Lines to return, exactly: from the line with "KORVIXA Entryway Table" to the line with "DRKANOL British Style" in the entries below, both included.

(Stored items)
------------------------------------------------------------------------
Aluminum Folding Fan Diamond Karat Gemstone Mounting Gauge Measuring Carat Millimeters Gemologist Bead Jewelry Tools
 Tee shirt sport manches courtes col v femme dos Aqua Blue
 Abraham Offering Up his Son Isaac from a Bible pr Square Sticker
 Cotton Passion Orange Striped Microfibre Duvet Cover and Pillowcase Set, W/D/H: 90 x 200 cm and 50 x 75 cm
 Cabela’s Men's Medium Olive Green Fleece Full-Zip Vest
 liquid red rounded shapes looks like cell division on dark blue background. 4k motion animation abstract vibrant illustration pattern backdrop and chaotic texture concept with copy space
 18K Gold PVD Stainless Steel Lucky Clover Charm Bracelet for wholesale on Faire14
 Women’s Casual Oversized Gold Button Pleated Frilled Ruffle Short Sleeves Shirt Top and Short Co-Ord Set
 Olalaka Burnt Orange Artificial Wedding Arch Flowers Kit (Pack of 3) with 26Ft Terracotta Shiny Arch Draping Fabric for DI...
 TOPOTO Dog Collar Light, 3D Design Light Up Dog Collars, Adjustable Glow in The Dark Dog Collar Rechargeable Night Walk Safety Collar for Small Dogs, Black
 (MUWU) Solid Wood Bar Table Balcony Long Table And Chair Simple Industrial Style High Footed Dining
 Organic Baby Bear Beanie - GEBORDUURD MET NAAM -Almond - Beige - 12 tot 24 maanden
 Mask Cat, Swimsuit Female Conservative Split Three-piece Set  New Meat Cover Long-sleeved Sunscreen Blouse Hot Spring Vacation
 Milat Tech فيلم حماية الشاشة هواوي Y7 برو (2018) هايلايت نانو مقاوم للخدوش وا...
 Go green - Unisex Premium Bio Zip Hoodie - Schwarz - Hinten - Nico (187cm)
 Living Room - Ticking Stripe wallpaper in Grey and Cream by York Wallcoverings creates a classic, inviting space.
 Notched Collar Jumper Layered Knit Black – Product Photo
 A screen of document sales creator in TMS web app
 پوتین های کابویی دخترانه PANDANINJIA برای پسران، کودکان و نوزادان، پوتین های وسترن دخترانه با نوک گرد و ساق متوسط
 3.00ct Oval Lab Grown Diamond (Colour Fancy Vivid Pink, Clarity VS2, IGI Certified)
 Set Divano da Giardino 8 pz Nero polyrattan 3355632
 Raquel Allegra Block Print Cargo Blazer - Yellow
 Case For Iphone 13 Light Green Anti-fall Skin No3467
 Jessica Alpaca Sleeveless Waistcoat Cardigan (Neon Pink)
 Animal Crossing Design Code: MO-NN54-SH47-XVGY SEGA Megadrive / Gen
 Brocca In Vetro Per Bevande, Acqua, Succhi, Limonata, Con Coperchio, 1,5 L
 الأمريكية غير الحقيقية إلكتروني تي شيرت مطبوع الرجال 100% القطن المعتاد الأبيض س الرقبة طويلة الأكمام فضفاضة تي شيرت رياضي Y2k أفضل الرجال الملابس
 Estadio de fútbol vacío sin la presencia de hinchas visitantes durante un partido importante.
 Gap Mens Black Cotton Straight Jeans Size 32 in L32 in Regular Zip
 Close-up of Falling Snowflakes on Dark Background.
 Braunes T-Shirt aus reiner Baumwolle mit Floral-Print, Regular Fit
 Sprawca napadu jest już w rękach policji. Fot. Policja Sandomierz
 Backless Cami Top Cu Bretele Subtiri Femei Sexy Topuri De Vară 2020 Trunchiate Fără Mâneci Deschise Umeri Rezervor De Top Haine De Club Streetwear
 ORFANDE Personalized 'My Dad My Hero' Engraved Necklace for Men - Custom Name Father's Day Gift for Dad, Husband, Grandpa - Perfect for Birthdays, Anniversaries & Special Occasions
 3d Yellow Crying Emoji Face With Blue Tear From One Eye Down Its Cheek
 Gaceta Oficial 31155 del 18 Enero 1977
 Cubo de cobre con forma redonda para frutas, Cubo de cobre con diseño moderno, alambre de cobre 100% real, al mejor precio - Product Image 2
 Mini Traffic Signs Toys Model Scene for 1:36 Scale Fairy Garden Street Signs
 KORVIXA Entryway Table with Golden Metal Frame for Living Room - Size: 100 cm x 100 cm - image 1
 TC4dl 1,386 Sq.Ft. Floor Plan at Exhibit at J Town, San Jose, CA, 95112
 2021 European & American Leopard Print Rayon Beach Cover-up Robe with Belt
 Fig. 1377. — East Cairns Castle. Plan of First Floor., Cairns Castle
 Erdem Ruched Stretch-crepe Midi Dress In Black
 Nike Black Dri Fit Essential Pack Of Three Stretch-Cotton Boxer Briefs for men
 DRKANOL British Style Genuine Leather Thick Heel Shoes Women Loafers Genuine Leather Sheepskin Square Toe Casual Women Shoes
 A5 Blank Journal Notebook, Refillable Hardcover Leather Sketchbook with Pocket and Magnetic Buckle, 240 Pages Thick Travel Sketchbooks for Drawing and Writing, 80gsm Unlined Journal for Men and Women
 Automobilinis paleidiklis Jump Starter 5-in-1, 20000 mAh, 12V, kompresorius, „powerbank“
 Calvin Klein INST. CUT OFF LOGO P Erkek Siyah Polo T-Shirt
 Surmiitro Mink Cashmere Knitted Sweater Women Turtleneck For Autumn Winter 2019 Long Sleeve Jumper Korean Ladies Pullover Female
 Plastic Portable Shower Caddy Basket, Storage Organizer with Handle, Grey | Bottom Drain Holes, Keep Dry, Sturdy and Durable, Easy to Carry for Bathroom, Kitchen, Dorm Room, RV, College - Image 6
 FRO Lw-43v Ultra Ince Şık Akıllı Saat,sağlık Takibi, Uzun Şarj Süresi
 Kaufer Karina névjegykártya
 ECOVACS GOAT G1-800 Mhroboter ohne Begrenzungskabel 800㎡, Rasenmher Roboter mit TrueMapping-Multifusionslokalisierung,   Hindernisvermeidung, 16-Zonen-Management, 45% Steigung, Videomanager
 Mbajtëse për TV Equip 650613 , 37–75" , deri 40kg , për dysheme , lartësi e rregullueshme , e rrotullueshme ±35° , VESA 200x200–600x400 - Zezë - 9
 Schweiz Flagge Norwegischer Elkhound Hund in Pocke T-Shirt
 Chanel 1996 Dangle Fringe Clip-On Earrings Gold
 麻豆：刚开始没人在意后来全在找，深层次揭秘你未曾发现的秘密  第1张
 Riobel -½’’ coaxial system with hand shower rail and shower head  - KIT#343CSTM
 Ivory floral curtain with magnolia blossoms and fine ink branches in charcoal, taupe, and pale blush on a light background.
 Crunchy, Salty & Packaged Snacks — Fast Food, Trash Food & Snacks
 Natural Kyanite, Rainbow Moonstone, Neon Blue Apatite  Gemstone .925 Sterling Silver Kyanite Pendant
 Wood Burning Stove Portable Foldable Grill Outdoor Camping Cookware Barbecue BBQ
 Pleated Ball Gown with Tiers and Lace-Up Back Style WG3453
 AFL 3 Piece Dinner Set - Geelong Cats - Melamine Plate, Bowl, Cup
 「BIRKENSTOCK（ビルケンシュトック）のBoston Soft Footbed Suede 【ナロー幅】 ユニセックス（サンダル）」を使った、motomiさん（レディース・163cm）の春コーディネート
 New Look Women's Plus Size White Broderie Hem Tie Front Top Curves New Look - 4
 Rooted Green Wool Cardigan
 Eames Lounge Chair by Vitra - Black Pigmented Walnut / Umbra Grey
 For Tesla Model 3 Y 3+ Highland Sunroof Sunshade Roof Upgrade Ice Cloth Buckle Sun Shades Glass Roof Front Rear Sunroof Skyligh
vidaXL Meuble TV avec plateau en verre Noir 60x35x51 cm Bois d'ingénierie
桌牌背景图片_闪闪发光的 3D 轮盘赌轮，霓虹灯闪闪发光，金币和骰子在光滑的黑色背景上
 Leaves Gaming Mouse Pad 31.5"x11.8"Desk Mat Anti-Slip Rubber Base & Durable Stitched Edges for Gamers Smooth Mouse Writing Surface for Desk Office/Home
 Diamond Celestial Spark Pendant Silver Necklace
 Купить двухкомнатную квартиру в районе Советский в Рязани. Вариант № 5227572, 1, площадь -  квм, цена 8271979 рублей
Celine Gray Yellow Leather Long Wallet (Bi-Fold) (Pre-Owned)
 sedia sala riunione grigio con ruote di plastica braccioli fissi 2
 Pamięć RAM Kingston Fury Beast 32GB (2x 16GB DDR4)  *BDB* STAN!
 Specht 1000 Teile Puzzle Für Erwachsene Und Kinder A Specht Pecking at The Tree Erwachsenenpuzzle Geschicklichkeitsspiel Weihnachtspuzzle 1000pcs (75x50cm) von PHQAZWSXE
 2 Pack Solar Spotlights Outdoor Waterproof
------------------------------------------------------------------------
▶ **TASK OUTPUT**:
 KORVIXA Entryway Table with Golden Metal Frame for Living Room - Size: 100 cm x 100 cm - image 1
 TC4dl 1,386 Sq.Ft. Floor Plan at Exhibit at J Town, San Jose, CA, 95112
 2021 European & American Leopard Print Rayon Beach Cover-up Robe with Belt
 Fig. 1377. — East Cairns Castle. Plan of First Floor., Cairns Castle
 Erdem Ruched Stretch-crepe Midi Dress In Black
 Nike Black Dri Fit Essential Pack Of Three Stretch-Cotton Boxer Briefs for men
 DRKANOL British Style Genuine Leather Thick Heel Shoes Women Loafers Genuine Leather Sheepskin Square Toe Casual Women Shoes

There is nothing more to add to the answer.